I also believe that resources are scarce and that every time infosec/techrisk folks make decisions about allocating them they are revealing preferences that are measurable in very coarse ways. Even though the existing models are seen as “qualitative” we can create control horizons and conduct breakeven analysis in ways to tease out some thresholds at the very least.
Now, to answer the questions:
- Pr(t): Yes, “the probability that a (sufficiently capable) threat actor will attack the system of interest” characterizes my belief well. And since I go out of my way to remind liability-minded folks that the intelligent adversary makes our situation much different from the “acts of god” kinds of hazard, I should acknowledge the non-randomness of the threat… but I am not ready to do that, exactly… for the same reasons as the “random walk down Wall Street” problem – easy to assert non-randomness yet hard to show otherwise.
Here is my thought process:
a) If it isn’t random, it should be predictable; and
b) if it isn’t predictable, then it approximates randomness (especially in the aggregate).
c) Since we can’t predict threat (afaik) then we should be evaluating any model compared to random, so
d) random is a good place to start.
There are many ways to approach how to determine Pr(t) – could be degrees of belief, could be public data (real-time blacklists, etc.), could be based on historical data, could be something else. My favorite application is a simple comparison of two scenarios. I don’t even quantify – just look at the accessibility of the two “systems of interest” and determine which one is higher (compare, say, a bluesnarf attack that requires local proximity to a sql injection that can happen from anywhere; or assess the diff in wi-fi attacks btwn being in the city and in the country). I come up with higher Pr(t) for the latter and the former in my two examples. (It may also be useful to factor in attacker’s costs in the first example).

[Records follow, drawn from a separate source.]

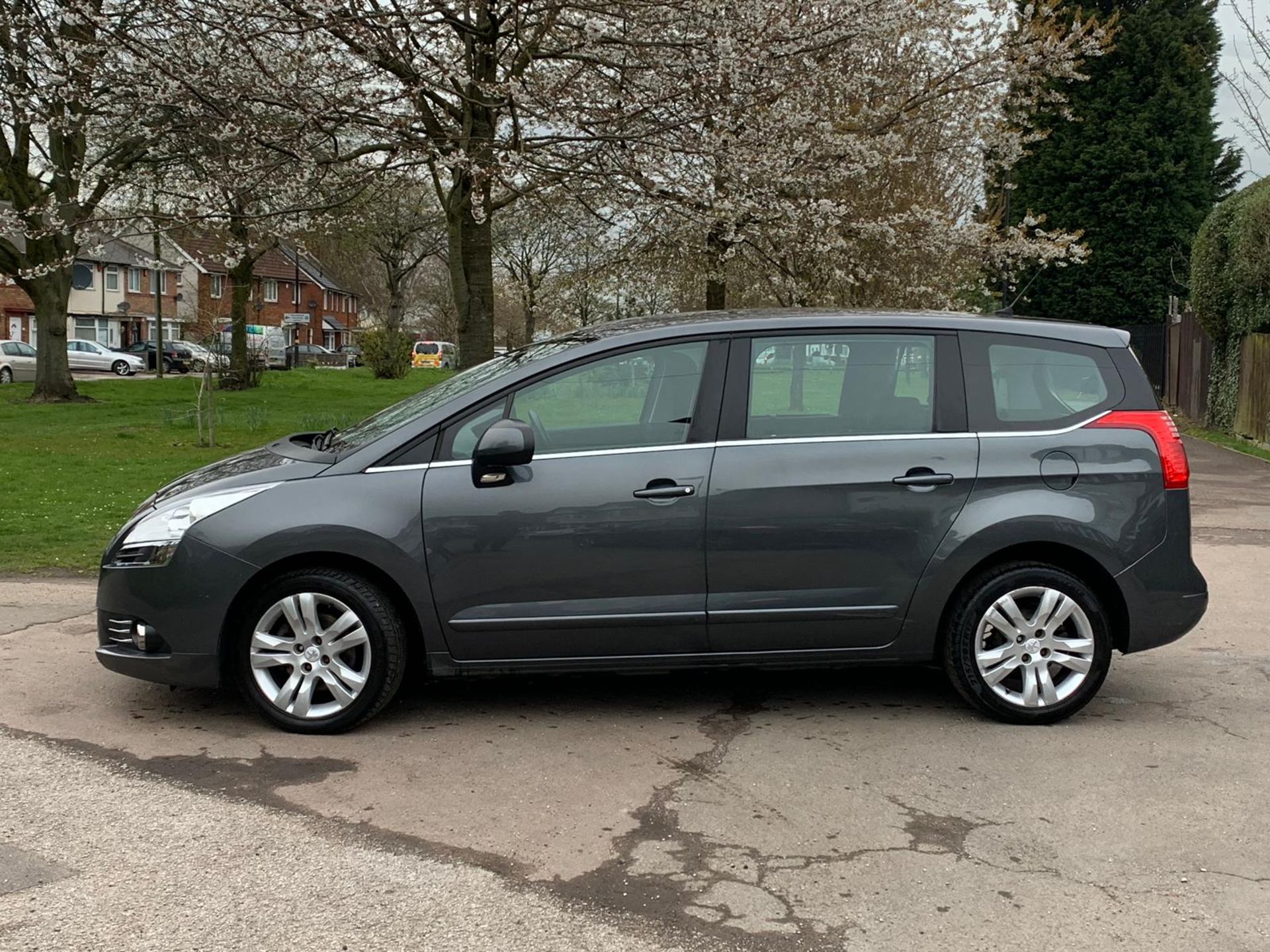 2013/13 REG PEUGEOT 5008 ACTIVE HDI AUTO 2.0 DIESEL METALLIC GREY MPV, LOW MILES *NO VAT* - Image 4 of 11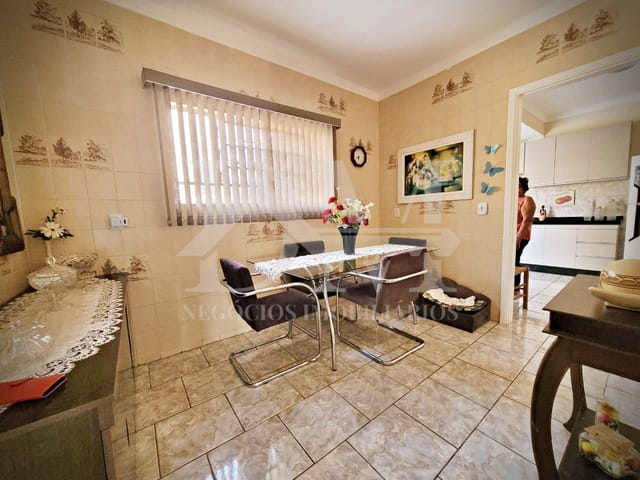Casa 4 quartos e 1 banheiro, à venda, no bairro Nossa Senhora de Fátima em Jaguariaíva
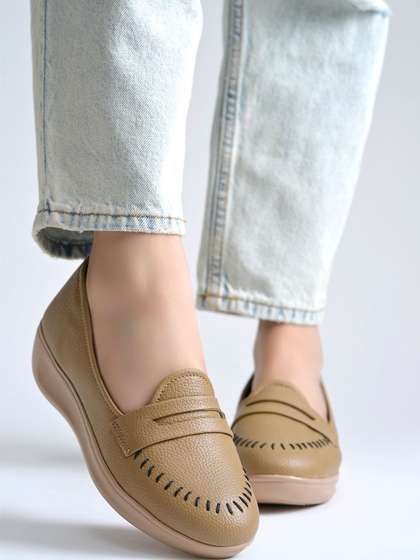 DressBerry Women
                      Perforations Loafers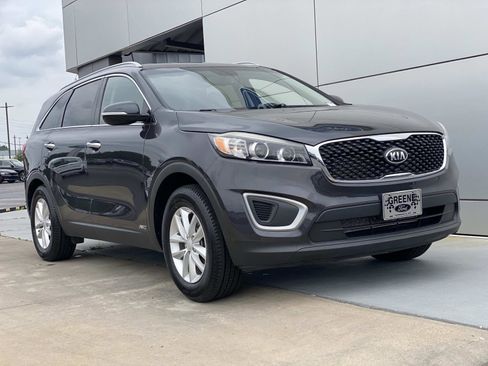 Used 2018 Kia Sorento AWD image 2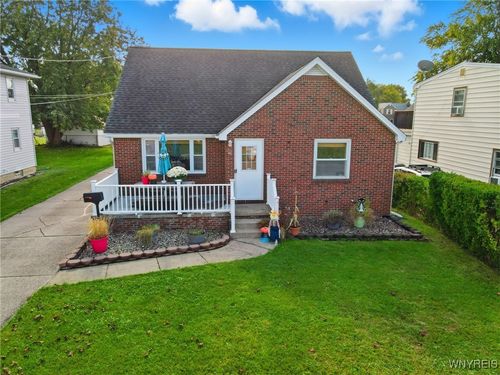 63 Knowlton Ave, Lackawanna, NY, 14218-3105 | Card Image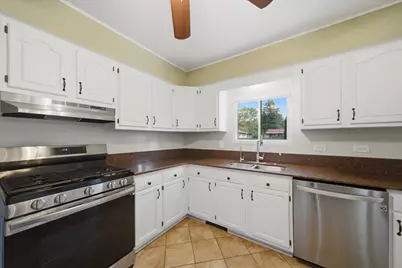 22W452 Sycamore Drive, Glen Ellyn, IL 60137 - Photo 7
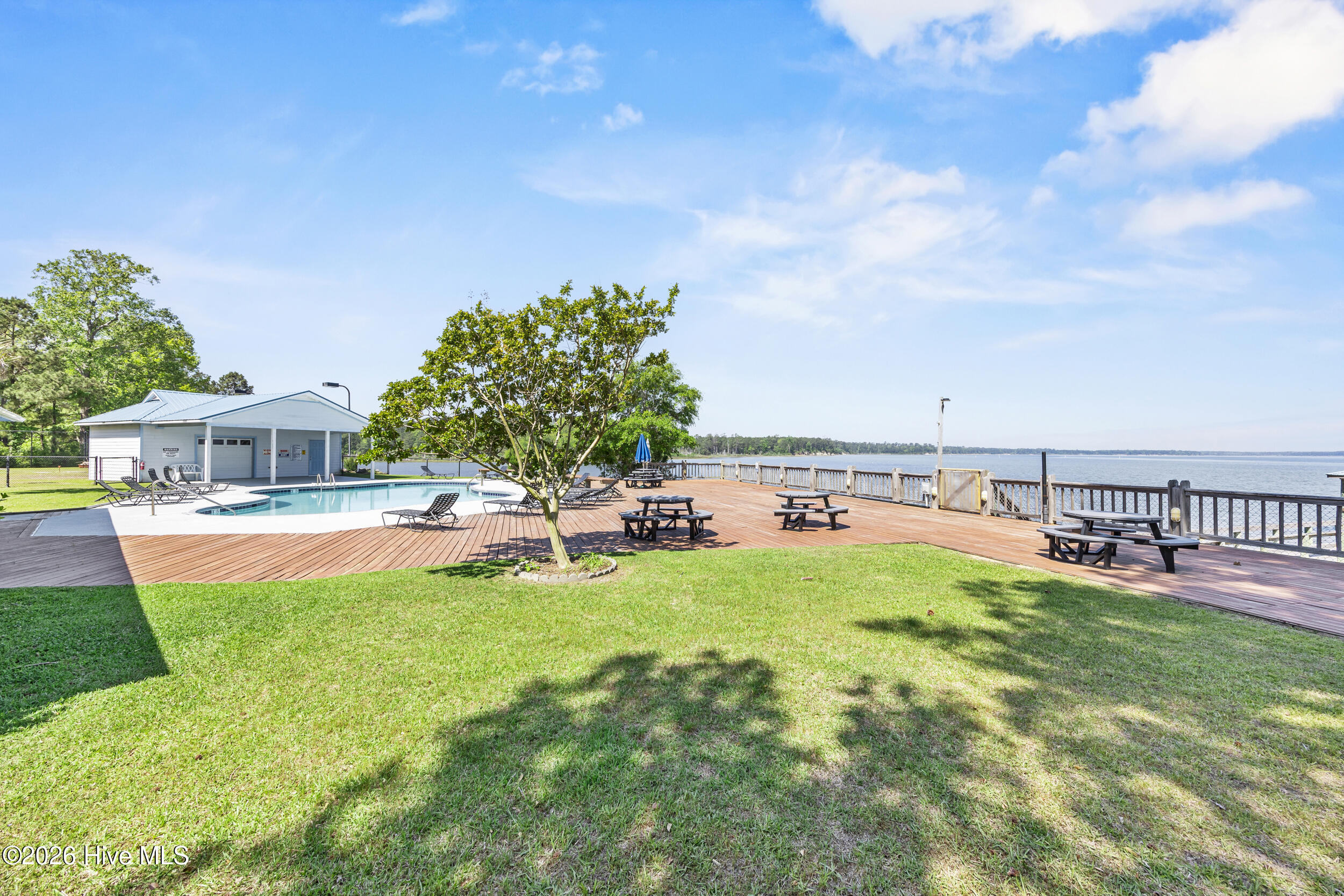 100569506 | Photo 74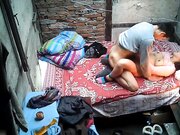 烂尾楼简陋地下室有点姿色的美乳良家少妇鸡接客腰上贴子膏药的打工仔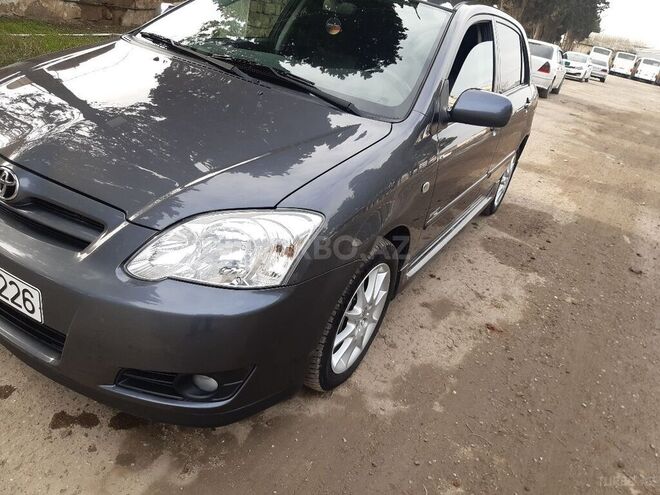 Toyota Corolla 2006, 175,200 km - 1.4 l - Bakı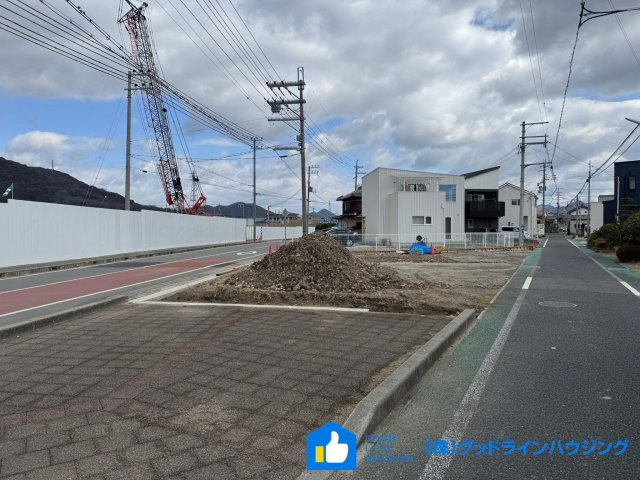 下滝野6期　2号棟の前面道路含む現地写真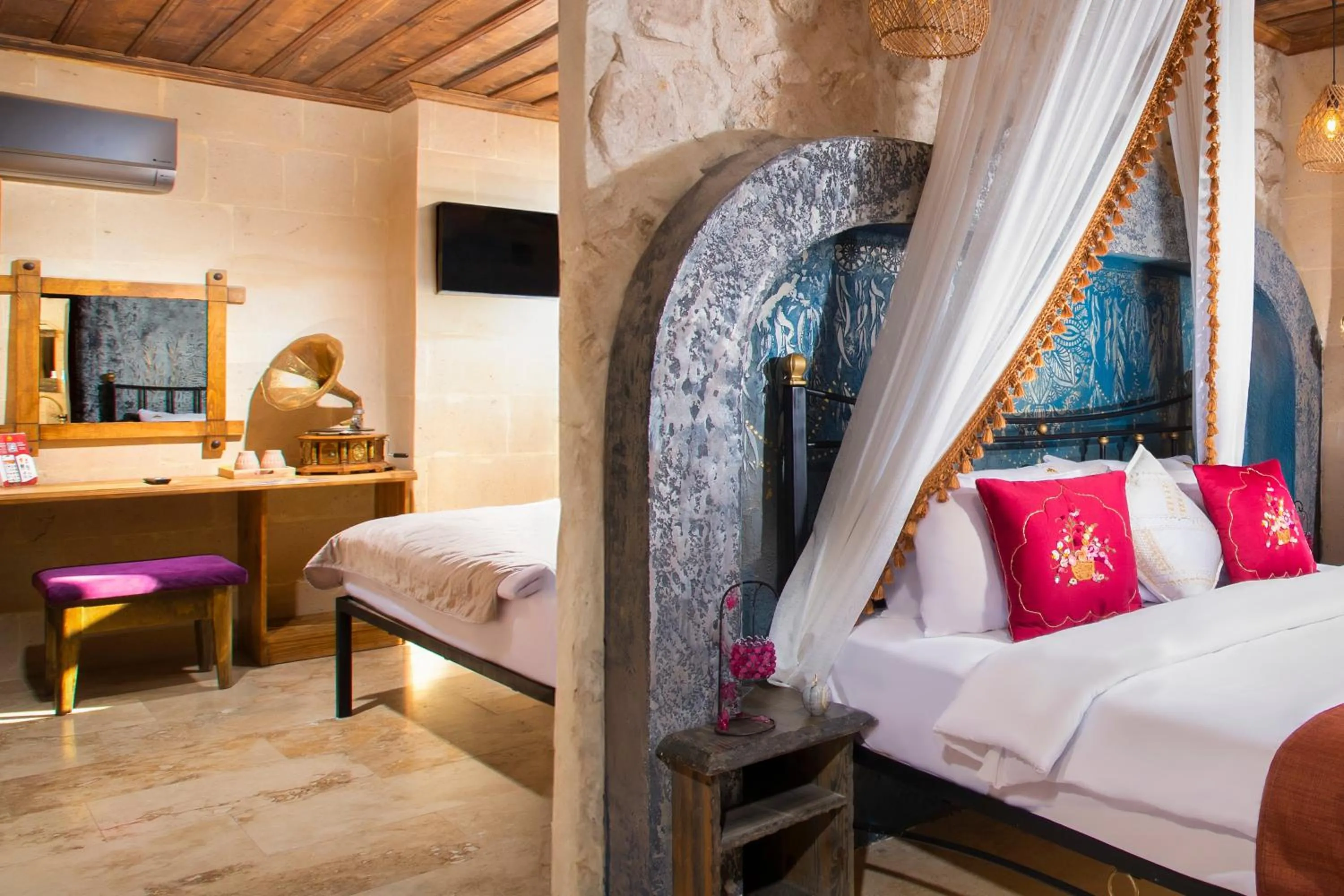 Photo of the whole room, Bed in Alika Castle House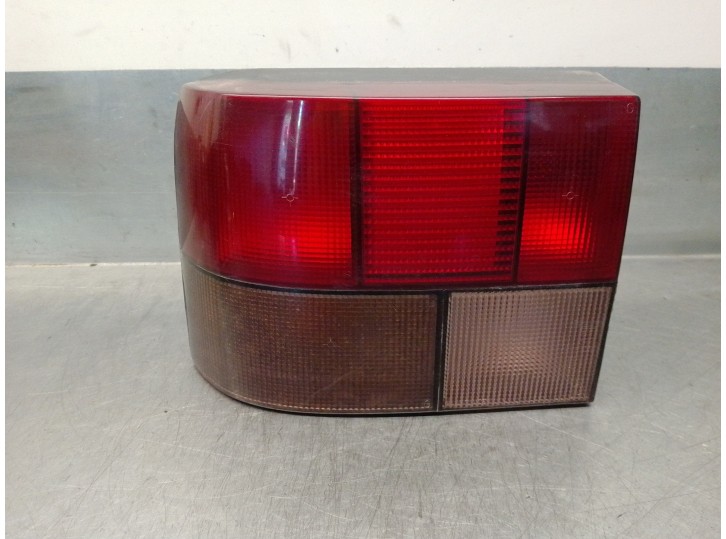 Recambio de piloto trasero izquierdo para renault 19 txi 1.7 referencia OEM IAM 7701033780 DE ALETA 5 PUERTAS
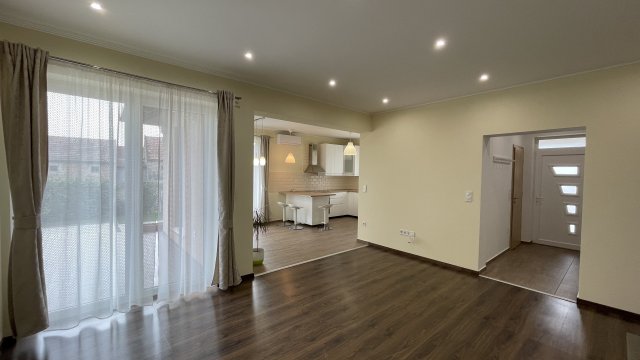 Eladó családi ház, Vámosszabadin 127.9 M Ft, 5 szobás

- Pr(v): This is difficult to characterize, but I think of it more as “the probability that a system of interest will be attacked, and that the attack will succeed [within some time period].” While I agree that any non-trivial system is vulnerable in a theoretical sense, it does not appear that every system is compromised (and I think that “two kinds of orgs – those that are compromised and those that don’t know it yet” *is* closer to nonsense than r=t*v*i). Whether there is an over-abundance of targets, the attacker costs are too high, the control environment is sufficiently strong, or some other reason, not all systems are in a compromised state and so it is worthwhile to measure. It is especially important since the bulk of our defensive efforts revolve around reducing this probability.
Again, estimating Pr(v) can be done in similar ways as Pr(t). In my comparative analysis – I look at things like number of users (as vulns), size of code base, number of open ports, RASQ, etc…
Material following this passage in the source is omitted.